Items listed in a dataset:
<<<<

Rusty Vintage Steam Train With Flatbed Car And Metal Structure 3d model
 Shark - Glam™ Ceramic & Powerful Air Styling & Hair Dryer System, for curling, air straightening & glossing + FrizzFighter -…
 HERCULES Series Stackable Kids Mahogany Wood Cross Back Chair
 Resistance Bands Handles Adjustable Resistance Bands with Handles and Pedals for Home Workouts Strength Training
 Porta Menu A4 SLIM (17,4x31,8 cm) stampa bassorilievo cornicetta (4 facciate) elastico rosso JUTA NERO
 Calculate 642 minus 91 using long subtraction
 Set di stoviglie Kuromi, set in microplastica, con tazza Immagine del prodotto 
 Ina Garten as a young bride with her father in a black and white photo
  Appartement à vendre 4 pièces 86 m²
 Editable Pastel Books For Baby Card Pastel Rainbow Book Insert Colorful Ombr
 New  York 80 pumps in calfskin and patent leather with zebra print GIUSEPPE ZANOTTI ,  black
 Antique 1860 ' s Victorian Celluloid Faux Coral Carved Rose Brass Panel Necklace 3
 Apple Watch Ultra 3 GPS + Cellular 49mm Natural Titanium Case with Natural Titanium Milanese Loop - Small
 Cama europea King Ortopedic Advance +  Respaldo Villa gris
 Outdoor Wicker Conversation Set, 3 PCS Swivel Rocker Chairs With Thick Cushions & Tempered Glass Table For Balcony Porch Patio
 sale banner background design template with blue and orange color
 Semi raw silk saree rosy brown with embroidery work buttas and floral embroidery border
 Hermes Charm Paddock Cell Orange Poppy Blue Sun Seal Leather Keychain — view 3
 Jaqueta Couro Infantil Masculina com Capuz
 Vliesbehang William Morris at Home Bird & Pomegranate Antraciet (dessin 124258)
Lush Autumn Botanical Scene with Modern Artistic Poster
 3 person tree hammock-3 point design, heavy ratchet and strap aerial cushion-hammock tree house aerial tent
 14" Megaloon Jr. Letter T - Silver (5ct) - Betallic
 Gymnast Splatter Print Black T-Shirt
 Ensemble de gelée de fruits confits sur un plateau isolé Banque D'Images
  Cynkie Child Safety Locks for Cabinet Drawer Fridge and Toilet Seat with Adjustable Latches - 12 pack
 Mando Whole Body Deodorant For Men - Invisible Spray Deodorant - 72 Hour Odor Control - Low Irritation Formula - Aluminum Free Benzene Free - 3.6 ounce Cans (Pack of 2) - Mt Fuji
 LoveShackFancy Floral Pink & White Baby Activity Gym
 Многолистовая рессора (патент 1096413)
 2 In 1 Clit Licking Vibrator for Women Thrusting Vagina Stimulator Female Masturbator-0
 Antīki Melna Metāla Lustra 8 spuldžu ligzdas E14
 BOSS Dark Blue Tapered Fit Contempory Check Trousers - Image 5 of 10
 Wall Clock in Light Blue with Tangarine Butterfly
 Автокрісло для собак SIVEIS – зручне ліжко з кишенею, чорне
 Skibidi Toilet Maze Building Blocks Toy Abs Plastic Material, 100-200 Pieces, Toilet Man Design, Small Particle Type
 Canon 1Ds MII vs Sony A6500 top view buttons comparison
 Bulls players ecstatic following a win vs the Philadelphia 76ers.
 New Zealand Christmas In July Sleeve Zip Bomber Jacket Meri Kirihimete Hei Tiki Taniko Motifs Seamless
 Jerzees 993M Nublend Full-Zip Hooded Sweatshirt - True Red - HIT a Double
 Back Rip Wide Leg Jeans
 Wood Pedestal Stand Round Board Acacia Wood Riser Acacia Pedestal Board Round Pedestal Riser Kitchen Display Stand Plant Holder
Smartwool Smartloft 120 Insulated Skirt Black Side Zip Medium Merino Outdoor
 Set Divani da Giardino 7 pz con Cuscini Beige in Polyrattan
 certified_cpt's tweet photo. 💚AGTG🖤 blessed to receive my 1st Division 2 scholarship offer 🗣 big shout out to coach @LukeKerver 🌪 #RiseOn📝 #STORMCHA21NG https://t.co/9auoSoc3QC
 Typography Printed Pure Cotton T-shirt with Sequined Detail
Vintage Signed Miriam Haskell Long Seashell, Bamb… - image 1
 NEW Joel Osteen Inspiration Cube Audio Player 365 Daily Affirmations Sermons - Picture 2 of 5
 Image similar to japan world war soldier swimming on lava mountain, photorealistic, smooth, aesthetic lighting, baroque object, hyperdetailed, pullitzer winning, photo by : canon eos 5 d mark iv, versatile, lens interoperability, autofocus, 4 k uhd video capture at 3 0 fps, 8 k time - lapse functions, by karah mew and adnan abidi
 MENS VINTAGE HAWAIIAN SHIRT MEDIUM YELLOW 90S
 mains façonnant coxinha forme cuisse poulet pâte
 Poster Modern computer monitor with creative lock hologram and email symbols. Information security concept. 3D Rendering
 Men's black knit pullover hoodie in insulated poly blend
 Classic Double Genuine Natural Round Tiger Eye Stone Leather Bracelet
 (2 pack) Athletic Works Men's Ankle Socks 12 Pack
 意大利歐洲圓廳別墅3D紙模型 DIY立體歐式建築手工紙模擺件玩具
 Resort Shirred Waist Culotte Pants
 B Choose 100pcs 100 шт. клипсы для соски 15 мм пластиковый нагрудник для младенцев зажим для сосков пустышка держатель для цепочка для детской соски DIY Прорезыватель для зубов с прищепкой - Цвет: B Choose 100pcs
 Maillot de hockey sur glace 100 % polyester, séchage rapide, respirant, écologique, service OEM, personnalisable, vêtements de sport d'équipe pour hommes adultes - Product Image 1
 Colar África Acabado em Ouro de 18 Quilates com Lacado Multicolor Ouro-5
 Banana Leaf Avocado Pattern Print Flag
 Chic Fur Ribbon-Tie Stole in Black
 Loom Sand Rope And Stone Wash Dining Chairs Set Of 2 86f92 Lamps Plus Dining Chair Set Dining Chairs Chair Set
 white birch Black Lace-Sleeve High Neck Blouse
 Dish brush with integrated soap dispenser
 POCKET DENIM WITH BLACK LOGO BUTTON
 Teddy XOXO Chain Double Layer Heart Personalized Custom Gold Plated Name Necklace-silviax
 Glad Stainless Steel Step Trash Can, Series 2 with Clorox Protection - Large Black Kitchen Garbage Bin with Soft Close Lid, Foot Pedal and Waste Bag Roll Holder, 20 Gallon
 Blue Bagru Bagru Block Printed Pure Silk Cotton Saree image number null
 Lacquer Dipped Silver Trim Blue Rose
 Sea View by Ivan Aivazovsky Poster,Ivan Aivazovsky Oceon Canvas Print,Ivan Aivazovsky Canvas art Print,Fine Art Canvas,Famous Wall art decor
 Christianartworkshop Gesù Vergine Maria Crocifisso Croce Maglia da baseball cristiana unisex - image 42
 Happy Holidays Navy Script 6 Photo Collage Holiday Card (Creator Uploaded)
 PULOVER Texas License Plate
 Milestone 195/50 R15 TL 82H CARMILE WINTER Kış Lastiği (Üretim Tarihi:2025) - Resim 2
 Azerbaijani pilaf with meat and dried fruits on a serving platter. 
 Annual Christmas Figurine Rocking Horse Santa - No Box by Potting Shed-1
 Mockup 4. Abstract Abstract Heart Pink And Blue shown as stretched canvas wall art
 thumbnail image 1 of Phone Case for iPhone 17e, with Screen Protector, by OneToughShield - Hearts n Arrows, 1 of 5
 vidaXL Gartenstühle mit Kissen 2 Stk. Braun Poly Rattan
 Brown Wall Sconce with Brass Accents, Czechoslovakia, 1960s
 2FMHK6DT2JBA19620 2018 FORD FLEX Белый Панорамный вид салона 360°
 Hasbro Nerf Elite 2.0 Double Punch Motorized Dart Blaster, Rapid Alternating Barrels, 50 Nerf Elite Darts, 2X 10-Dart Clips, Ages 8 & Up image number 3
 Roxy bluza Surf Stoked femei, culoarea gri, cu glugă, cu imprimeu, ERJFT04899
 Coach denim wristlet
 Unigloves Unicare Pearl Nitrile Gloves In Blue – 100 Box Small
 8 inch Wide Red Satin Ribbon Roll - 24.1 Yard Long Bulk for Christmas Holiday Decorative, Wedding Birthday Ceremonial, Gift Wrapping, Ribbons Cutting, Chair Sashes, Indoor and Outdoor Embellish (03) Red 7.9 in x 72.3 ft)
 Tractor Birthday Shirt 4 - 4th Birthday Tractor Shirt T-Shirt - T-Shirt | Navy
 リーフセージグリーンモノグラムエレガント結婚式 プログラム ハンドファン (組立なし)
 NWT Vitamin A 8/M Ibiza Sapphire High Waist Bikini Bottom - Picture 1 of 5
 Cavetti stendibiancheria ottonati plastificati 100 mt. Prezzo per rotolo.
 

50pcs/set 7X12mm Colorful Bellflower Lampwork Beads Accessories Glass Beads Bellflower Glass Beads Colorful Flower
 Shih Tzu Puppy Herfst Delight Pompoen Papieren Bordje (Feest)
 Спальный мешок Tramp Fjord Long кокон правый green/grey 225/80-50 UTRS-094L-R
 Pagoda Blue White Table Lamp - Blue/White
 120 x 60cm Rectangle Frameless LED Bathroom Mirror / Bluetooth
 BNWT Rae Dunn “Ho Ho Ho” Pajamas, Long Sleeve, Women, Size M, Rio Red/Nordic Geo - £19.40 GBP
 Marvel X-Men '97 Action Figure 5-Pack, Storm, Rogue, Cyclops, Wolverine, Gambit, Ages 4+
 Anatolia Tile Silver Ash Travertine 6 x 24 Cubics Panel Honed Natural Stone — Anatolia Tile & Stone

>>>>

** Instructions to follow **
Look above for the line containing "Tractor Birthday Shirt", then transcribe it and all lines after it through the last, exactly and with nothing else.

** Solution to this exercise **
 Tractor Birthday Shirt 4 - 4th Birthday Tractor Shirt T-Shirt - T-Shirt | Navy
 リーフセージグリーンモノグラムエレガント結婚式 プログラム ハンドファン (組立なし)
 NWT Vitamin A 8/M Ibiza Sapphire High Waist Bikini Bottom - Picture 1 of 5
 Cavetti stendibiancheria ottonati plastificati 100 mt. Prezzo per rotolo.
 

50pcs/set 7X12mm Colorful Bellflower Lampwork Beads Accessories Glass Beads Bellflower Glass Beads Colorful Flower
 Shih Tzu Puppy Herfst Delight Pompoen Papieren Bordje (Feest)
 Спальный мешок Tramp Fjord Long кокон правый green/grey 225/80-50 UTRS-094L-R
 Pagoda Blue White Table Lamp - Blue/White
 120 x 60cm Rectangle Frameless LED Bathroom Mirror / Bluetooth
 BNWT Rae Dunn “Ho Ho Ho” Pajamas, Long Sleeve, Women, Size M, Rio Red/Nordic Geo - £19.40 GBP
 Marvel X-Men '97 Action Figure 5-Pack, Storm, Rogue, Cyclops, Wolverine, Gambit, Ages 4+
 Anatolia Tile Silver Ash Travertine 6 x 24 Cubics Panel Honed Natural Stone — Anatolia Tile & Stone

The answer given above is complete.